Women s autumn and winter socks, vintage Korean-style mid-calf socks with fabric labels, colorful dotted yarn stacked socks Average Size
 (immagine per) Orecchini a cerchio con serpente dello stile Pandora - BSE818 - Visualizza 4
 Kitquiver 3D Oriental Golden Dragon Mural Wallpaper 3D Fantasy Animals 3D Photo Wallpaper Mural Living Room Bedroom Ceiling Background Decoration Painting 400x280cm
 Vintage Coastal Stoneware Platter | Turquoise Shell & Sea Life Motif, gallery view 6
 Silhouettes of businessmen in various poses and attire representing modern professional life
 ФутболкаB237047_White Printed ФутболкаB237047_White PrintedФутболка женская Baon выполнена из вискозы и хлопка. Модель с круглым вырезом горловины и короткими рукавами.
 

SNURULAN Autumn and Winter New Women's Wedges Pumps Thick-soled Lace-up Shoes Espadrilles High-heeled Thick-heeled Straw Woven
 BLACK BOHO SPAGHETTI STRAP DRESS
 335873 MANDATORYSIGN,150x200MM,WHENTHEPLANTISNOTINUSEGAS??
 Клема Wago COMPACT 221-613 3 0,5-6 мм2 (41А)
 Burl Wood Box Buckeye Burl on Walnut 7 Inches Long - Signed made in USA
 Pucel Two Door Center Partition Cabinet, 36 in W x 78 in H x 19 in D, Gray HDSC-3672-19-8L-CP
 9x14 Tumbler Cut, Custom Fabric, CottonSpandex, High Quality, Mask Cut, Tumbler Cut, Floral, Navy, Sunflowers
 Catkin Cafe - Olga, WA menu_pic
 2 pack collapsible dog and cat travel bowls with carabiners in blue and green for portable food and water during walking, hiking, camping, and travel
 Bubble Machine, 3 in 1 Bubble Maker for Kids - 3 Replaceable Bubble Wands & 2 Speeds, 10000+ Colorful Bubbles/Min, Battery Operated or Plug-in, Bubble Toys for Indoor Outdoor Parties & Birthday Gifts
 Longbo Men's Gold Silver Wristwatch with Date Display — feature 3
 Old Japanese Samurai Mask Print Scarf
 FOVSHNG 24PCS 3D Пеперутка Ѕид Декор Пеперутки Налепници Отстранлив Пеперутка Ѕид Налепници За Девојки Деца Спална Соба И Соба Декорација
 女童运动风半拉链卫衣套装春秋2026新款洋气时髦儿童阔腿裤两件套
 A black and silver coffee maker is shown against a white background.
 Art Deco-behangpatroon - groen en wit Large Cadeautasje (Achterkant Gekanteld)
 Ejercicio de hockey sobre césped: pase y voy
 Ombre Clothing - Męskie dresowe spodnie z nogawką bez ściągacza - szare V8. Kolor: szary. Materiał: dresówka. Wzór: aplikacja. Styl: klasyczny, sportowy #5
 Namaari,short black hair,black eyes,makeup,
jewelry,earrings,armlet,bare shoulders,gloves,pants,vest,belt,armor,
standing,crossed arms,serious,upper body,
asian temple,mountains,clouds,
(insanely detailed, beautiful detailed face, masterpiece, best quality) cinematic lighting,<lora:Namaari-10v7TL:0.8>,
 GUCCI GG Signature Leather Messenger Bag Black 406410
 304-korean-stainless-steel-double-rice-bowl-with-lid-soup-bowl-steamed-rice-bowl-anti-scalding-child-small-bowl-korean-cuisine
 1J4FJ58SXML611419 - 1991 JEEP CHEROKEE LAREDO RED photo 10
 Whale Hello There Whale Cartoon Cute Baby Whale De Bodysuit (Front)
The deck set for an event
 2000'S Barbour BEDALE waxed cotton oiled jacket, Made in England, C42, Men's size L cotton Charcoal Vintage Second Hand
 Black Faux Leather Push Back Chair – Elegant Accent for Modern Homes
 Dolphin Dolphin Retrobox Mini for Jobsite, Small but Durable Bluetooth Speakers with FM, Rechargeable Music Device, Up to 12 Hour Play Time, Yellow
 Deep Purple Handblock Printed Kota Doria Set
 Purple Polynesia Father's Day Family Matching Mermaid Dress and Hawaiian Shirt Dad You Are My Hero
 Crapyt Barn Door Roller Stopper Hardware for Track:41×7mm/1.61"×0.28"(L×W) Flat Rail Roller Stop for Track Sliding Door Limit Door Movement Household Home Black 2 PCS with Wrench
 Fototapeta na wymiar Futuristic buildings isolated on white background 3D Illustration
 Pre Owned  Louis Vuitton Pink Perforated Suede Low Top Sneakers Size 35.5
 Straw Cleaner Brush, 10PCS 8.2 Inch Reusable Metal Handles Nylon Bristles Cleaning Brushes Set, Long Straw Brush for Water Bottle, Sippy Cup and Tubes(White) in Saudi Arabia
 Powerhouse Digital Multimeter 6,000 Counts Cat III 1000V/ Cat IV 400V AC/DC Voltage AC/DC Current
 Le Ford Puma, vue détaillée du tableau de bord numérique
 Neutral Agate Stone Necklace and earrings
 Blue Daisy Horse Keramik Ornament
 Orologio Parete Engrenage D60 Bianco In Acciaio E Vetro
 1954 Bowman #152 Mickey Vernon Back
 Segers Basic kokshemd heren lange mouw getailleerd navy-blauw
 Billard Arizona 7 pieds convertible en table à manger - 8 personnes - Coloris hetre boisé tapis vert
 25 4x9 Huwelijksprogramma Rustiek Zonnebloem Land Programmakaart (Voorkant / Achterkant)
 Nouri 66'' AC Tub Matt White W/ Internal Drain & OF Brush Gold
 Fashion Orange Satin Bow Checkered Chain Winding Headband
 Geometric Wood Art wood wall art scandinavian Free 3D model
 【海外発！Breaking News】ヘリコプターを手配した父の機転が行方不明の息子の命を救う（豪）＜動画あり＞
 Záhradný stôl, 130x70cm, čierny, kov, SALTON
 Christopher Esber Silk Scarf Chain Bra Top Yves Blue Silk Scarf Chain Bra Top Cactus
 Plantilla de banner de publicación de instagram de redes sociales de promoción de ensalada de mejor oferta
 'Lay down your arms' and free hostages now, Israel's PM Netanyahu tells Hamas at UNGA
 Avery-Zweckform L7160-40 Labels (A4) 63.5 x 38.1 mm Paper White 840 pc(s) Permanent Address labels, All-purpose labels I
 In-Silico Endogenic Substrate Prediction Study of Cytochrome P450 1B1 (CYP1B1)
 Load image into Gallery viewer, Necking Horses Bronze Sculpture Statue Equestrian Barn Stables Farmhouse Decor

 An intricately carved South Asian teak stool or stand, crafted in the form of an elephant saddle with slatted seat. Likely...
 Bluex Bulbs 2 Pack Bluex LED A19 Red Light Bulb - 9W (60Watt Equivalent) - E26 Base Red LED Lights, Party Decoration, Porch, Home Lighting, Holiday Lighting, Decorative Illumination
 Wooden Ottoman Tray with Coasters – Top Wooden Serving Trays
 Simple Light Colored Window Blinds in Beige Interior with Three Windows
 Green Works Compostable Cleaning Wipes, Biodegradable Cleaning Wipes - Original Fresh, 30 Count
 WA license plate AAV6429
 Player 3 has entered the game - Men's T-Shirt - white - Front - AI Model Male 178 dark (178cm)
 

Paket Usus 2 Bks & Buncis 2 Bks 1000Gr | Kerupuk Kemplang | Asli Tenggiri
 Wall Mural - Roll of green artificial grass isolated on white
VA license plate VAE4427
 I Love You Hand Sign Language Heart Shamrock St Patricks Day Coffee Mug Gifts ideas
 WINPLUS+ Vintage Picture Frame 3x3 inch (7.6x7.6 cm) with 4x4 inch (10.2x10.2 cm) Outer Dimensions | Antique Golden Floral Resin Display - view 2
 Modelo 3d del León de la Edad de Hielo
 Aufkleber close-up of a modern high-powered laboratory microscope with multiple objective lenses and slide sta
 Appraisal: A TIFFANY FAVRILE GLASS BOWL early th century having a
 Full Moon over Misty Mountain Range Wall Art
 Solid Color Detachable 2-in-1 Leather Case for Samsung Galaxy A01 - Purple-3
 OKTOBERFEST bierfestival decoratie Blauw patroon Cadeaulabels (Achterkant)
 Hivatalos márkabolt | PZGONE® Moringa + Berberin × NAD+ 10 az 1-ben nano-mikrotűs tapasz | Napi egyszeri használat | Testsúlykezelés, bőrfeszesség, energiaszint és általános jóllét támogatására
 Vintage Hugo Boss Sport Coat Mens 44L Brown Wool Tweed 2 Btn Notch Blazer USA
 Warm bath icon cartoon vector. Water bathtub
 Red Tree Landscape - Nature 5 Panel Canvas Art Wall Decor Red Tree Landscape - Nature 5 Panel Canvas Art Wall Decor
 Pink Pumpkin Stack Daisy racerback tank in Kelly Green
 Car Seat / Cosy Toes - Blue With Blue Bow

◆ ◆ ◆ ◆ ◆ ◆ ◆

Going back to the entries above, set down exactly the lines that begin at the one with "Neutral Agate Stone Necklace and earrings" and end at the one with "Hamas at UNGA", both included, and nothing else.

 Neutral Agate Stone Necklace and earrings
 Blue Daisy Horse Keramik Ornament
 Orologio Parete Engrenage D60 Bianco In Acciaio E Vetro
 1954 Bowman #152 Mickey Vernon Back
 Segers Basic kokshemd heren lange mouw getailleerd navy-blauw
 Billard Arizona 7 pieds convertible en table à manger - 8 personnes - Coloris hetre boisé tapis vert
 25 4x9 Huwelijksprogramma Rustiek Zonnebloem Land Programmakaart (Voorkant / Achterkant)
 Nouri 66'' AC Tub Matt White W/ Internal Drain & OF Brush Gold
 Fashion Orange Satin Bow Checkered Chain Winding Headband
 Geometric Wood Art wood wall art scandinavian Free 3D model
 【海外発！Breaking News】ヘリコプターを手配した父の機転が行方不明の息子の命を救う（豪）＜動画あり＞
 Záhradný stôl, 130x70cm, čierny, kov, SALTON
 Christopher Esber Silk Scarf Chain Bra Top Yves Blue Silk Scarf Chain Bra Top Cactus
 Plantilla de banner de publicación de instagram de redes sociales de promoción de ensalada de mejor oferta
 'Lay down your arms' and free hostages now, Israel's PM Netanyahu tells Hamas at UNGA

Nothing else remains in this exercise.